W 2013 roku GST pozwalał jedynie na podgląd trasy Świętego Mikołaja, dzięki silnikowi Google Maps. Nadal było oryginalnie i ciekawie, natomiast po dwóch czy trzech wizytach powiewało nudą. W tym roku Google poszło przynajmniej o krok dalej. Zbudowali wirtualną wioskę Mikołaja, która codziennie odkrywa przed odwiedzającymi nową atrakcję. Mało tego! Im bliżej wigilii, tym więcej funkcjonalności będzie odkrytych, a wśród nich m.in. nauka kodowania w JavaScript dla najmłodszych, czy mnóstwo mini gier online. Sama strona technicznie i graficznie stoi na niezłym poziomie i wymusza w sposób wzorowy pod kątem UX interakcję z „przyjezdnym” (w wiosce Mikołaja rzecz jasna).
Bogactwo wsi
Można by rzec.
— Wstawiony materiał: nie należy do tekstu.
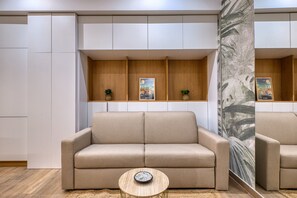 Una sala de estar moderna con un sofá color crema, una pequeña mesa redonda de madera y dos estantes empotrados con objetos decorativos.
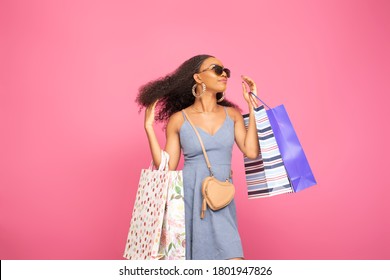 Stylish Black Lady Carrying Shopping Bags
Mamy mnóstwo nowych gier online i animacji oraz kilka znanych z zeszłorocznej odsłony GTS funkcjonalności, jak na przykład możliwość „zamówienia” rozmowy telefonicznej od Mikołaja dla naszych najbliższych czy opcję by w naszym Smart TV odpalić transmisję podróży Mikołaja dzięki Chromecastowi. Niestety obie te funkcje póki co nie są dostępne dla naszego kraju, ale podobno Chromecast ma do nas zawitać do końca tego roku, więc kto wie… Polecam dokładnie przejrzeć wioskę Mikołaja od Google, bo nawet dla tych, którzy są już grubo po trzydziestce (pozdrawiam Cię Sebastian) dostarczy ona sporo rozrywki. Na pewno więcej niż „Kevin sam w domu”.
P.S. Tegoroczny GTS działa również na smartphone’ach… Z Androidem oczywiście. Wesołych świąt ode mnie – przedwcześnie ale szczerze. #hohoho!